DEALING WITH THE GRIND

So how do you get through it?

  1. Put your head down and grind it out. If it's just a few more months, you can likely grind through anything. You want to finish the project you started, and enjoy the feeling of launching a successful product. But we don't want people to burn out. While grinding might be a fine short term strategy, it's not a great long term strategy.
  2. Speak up. Tell someone. Tell your EM. Tell your manager. Tell me. Don't complain about it. But let people know you're starting to feel the grind. If you wait until you're actually burned out to start talking about it - then there aren't a lot of options left to fix things. But if you're vocal about it as soon as you start to notice, the team around you might be able to provide insights into ways to turn it into less of a grind. Sometimes just talking about it is cathartic enough to make a short-term difference.
  3. Think in goals and milestones. Once you know it's a grind, you can try to find ways to bring back the excitement. Milestones mean celebrations. They bring a sense of accomplishment. They bring a small burst of energy back into the team. The best thing about milestones is that when you're working to hit them, the team often does a better job of working together. In my experience, you're more likely to collaborate with the team around you when you have a clear goal and a data to accomplish that goal. Goals and hard dates are far more motivating than an endless stream of sprints.
  4. Change up how you’re working. Do you normally work alone in your house? Then get out of your house and work next to someone else. When was the last time your team did a retrospective and changed the process you're using to manage the work? Get the team together and talk about maybe trying something new for a couple of sprints to see if it boosts productivity or focus. Have you been in the same role for the entire project? Ask if you can switch roles for a sprint or two.
  5. Know you’re not alone. If you're feeling the grind - so are others. Some of my favorite memories are working crazy 90 hour weeks with Wingate and Marc when we were in college. Or getting on conference calls at 3 AM with JV when we were at Interactions. Or sleeping under my desk while trying to get a release out the door at CTI Group. It's not because I love 3 AM conference calls or 90 hour weeks. It's because I felt like I was truly part of a team, trying to do something darn-near impossible. It's because I care deeply about Chris, Marc, and JV - and I wanted to share their experience. I wanted to help them as much as I wanted to deliver the project or solve the problem.

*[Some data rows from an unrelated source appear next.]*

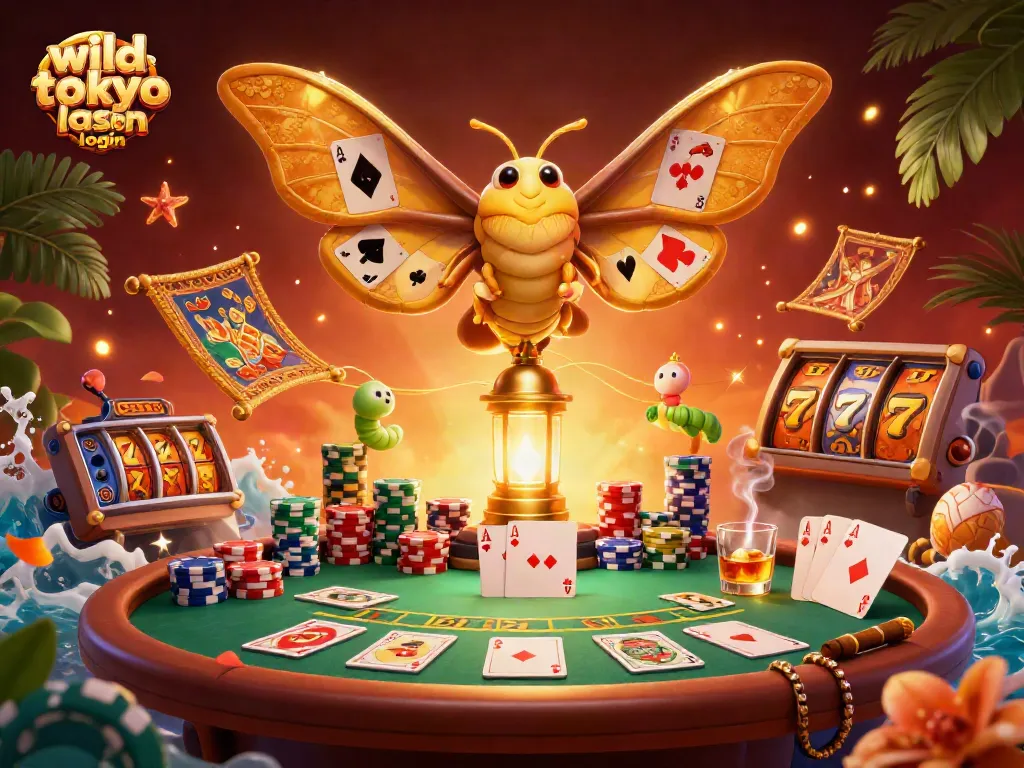 Engage with wild tokyo casino login featuring vibrant casino scenes and dynamic play elements in a stunning illustration.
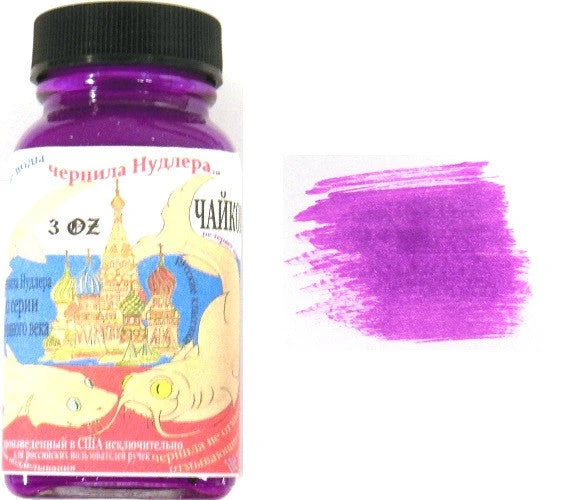 Noodlers Fountain Pen Ink Bottle - Tchaikovsky 3 Noodlers Fountain Pen Ink Bottle - Tchaikovsky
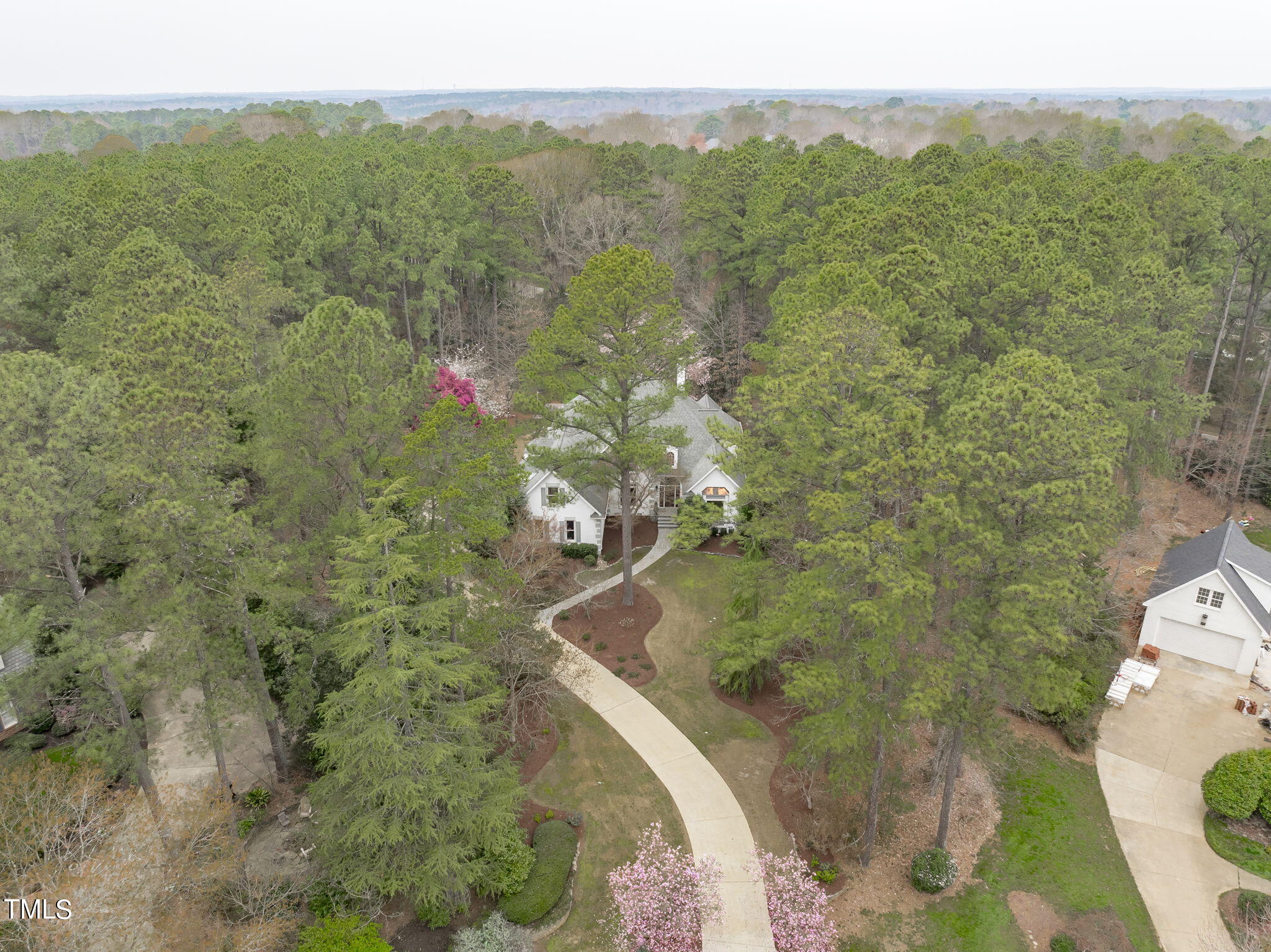201 Claflin Court Raleigh, NC 27614 - Photo 72 of 73 Aerial (1 of 8)
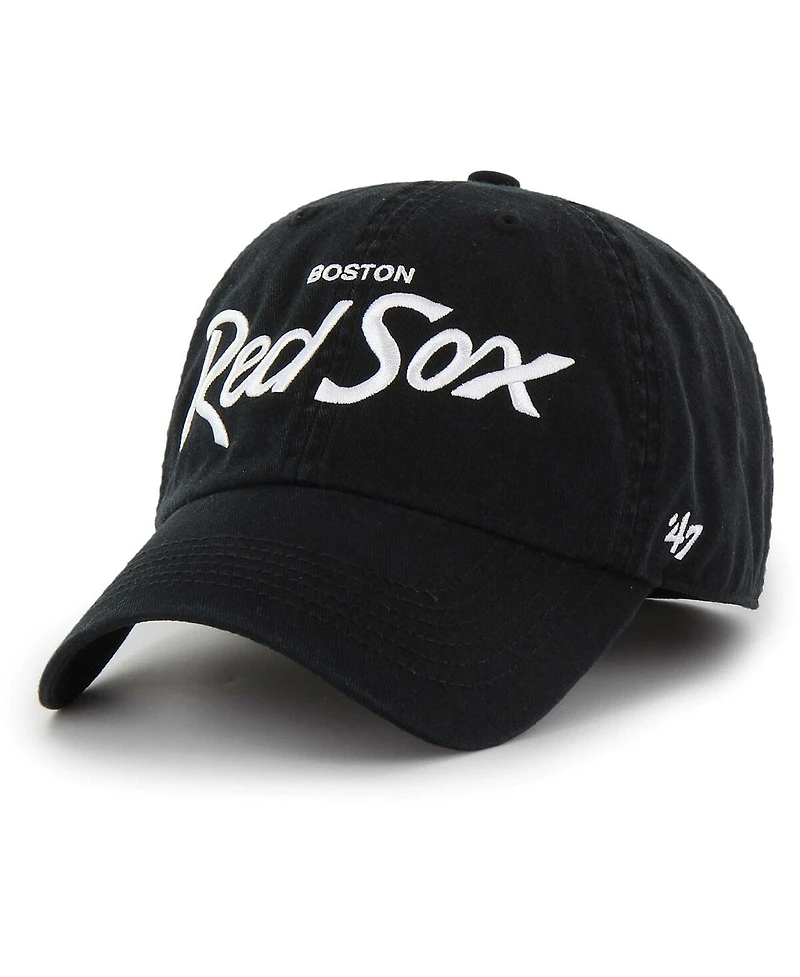 '47 Brand Men's Black Boston Red Sox Crosstown Classic Franchise Hat
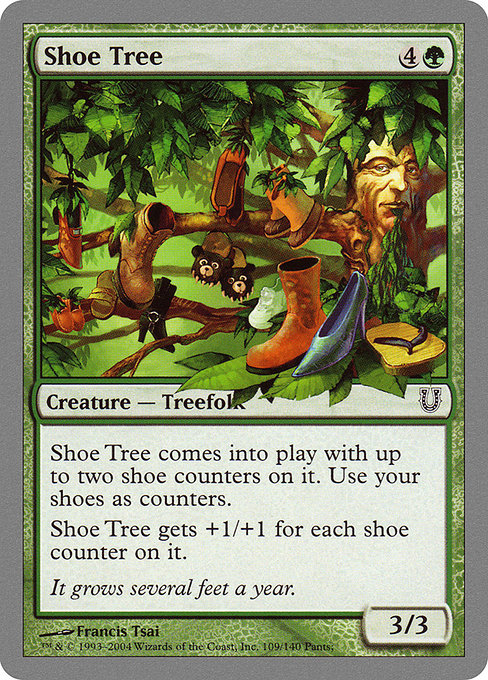 Shoe Tree highlighted card art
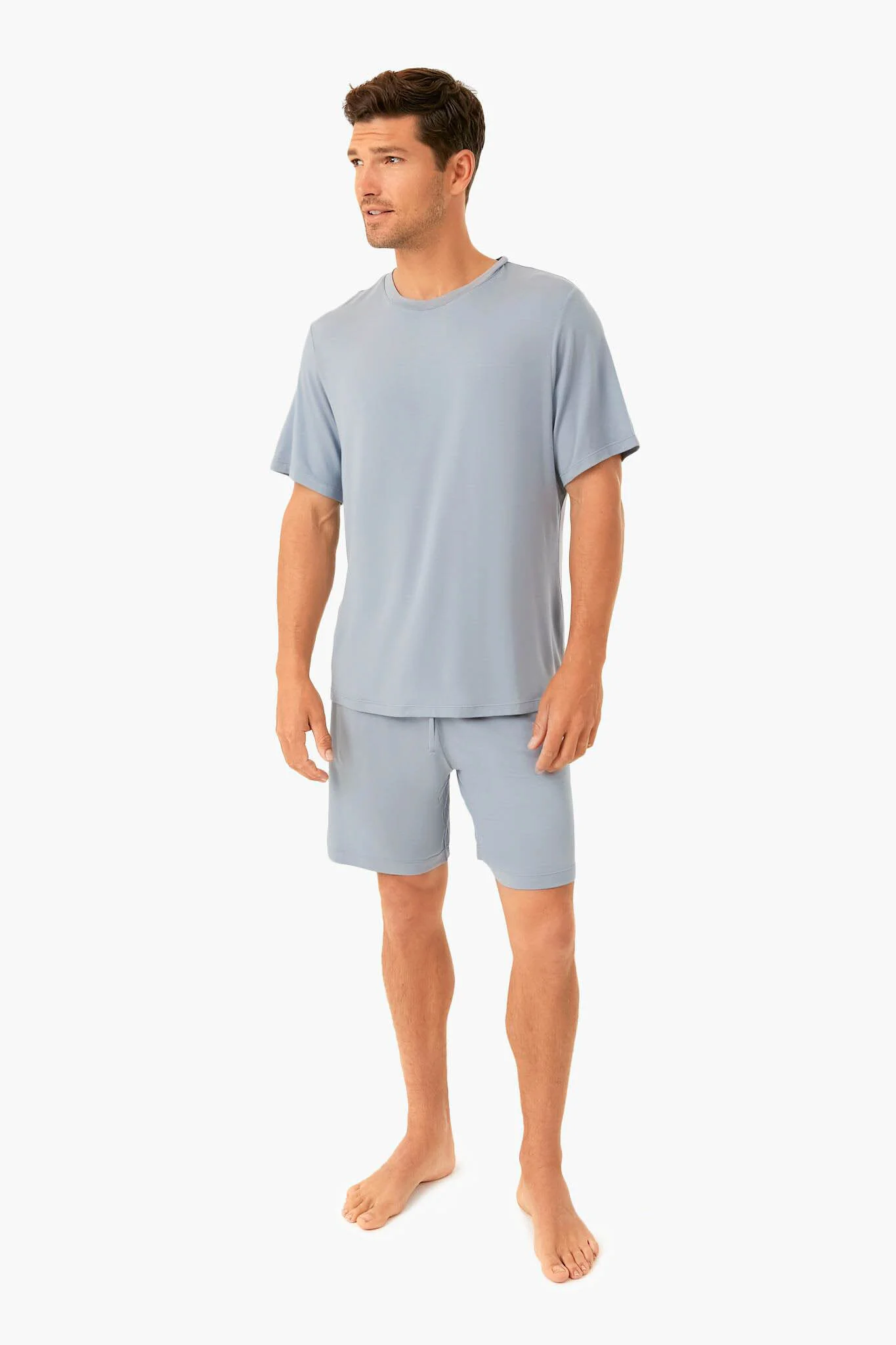 Blue Fog Henry Mens Short PJ Set - Image 2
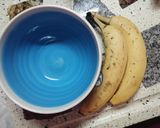 Foto del paso 1 de la receta: Hotcakes de banana🍌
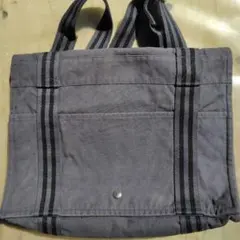 HERMES エルメス フールトゥ バサスMM ショルダーバッグ　グレー系のサムネイル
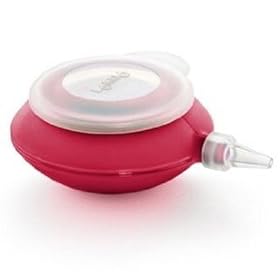 Lékué, Decopen, Penna per decorare, 4 bocchette, in silicone, colore: Rosa Lékué, Decopen, Penna per decorare, 4 bocchette, in silicone, colore: Rosa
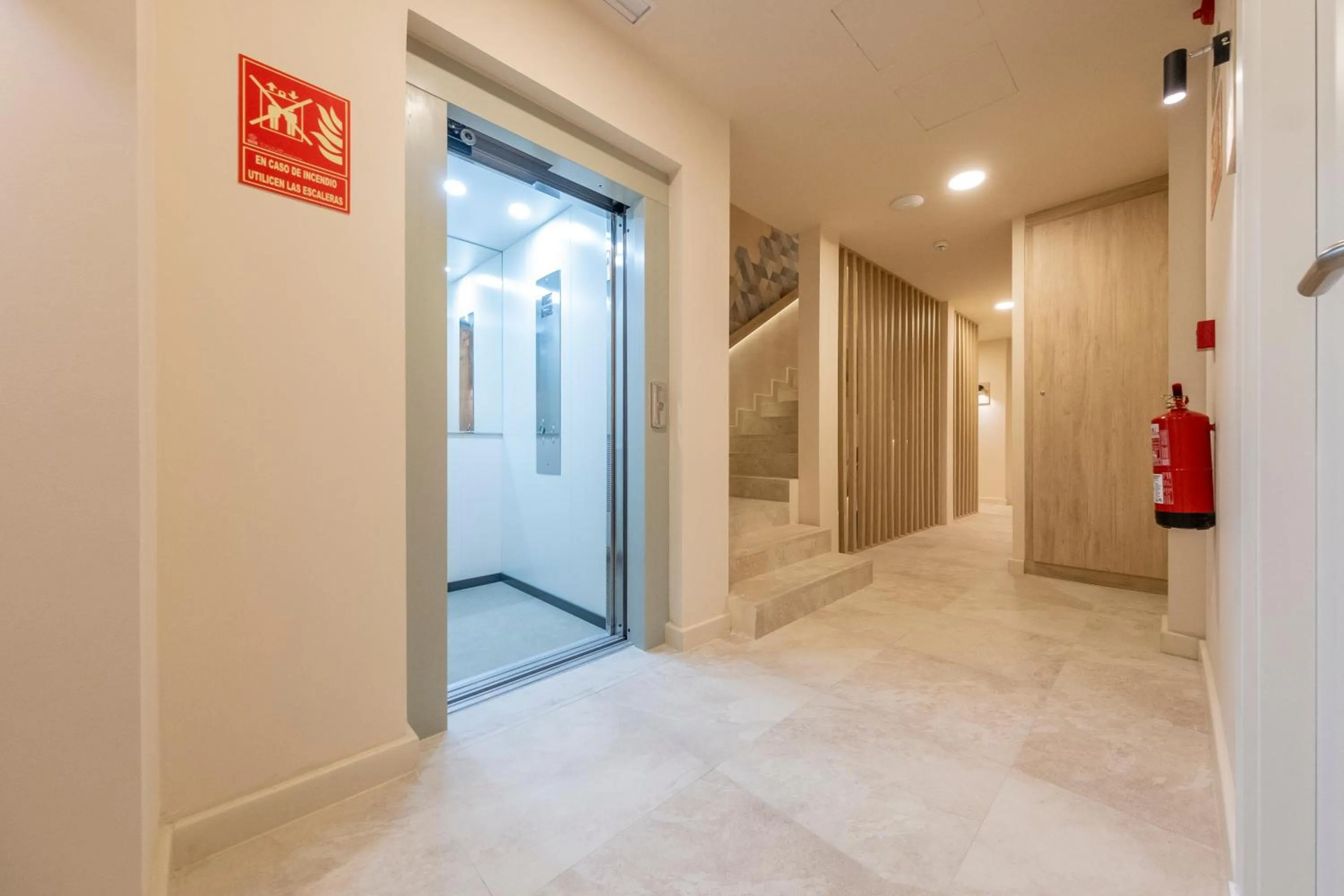 Property building in Hotel Victori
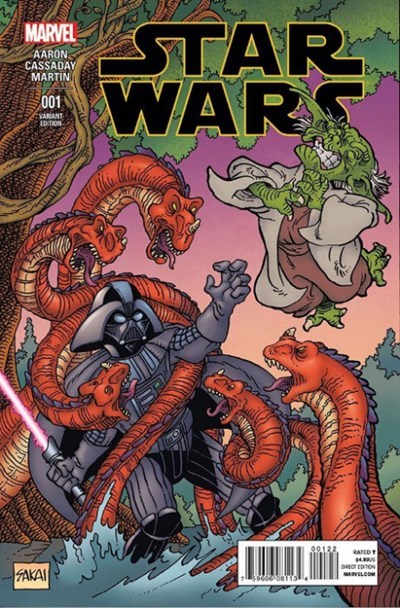 STAR WARS #1-CC-BB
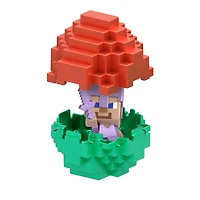 Minecraft-Mini-Mode-Spawn-Egg-with-Surprise-Mini-Figure,-1.5-inch-Collectible-Toy,-Heroic-Steve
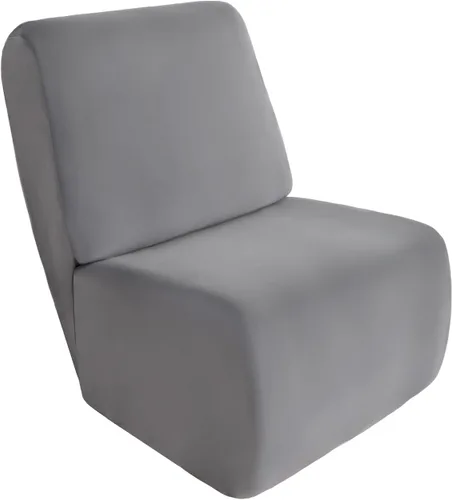 Vista 85 de HDCAXKJ Fundas de sofá seccional reclinable de terciopelo, cubierta de sofá seccional en forma de L, lavable, elástica, suave, para rincón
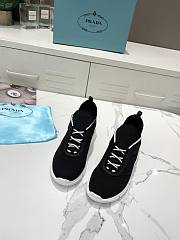 Prada Knit Sneakers Black - 3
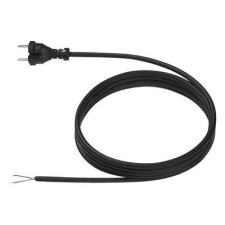 Bachmann 246.185 Áram Csatlakozókábel Fekete 3.00 m (246.185) kábel és adapter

It's only a grind if I'm the only one who feels the pain (or if I think I'm the only one feeling the pain). If I were shoveling bird-poo with others - whom I care about - I bet it would suck a lot less. And if I were shoveling bird-poo with others I cared about, and we had a deadline we wanted/needed to hit - then I bet it would actually be fun. Anyone want to join?


UP NEXT

I'm off to clean the chimney. Another fall task that I don't enjoy. This task isn't hard, so much as scary. If I end up falling off the roof this year and this ends up being the last email I ever send, then it will have ended up becoming a truly poopy weekend.